INSTRUCTIONS TO FOLLOW
Could you transcribe all of the data exactly and skip any pictures?

====== THE DATA ======

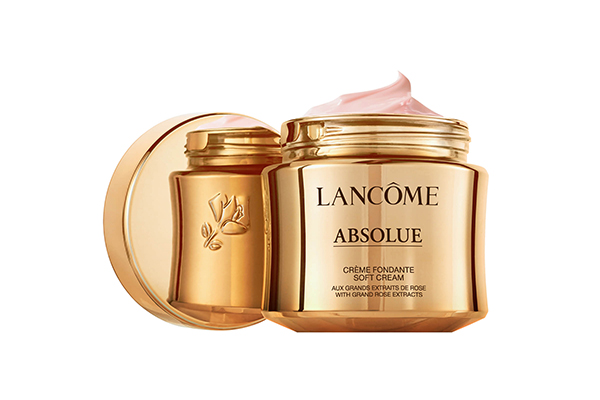 Free Lancome Soft Cream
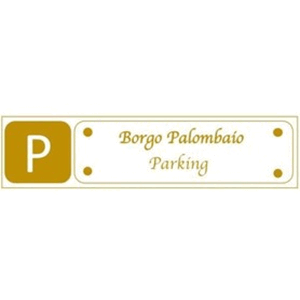 Borgo Palombaio Parcheggio - Navetta - Coperto - Conservare le Chiavi logo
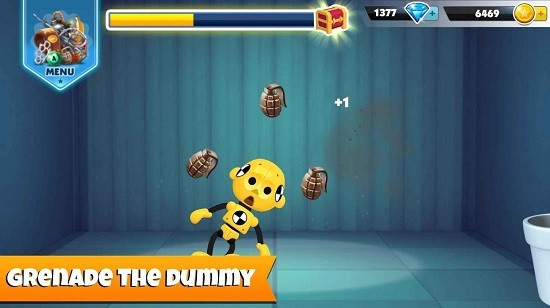 不爽就打他最新版 不爽就打他手游下載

======

EXERCISE RESPONSE
 Free Lancome Soft Cream
 Borgo Palombaio Parcheggio - Navetta - Coperto - Conservare le Chiavi logo
 不爽就打他最新版 不爽就打他手游下載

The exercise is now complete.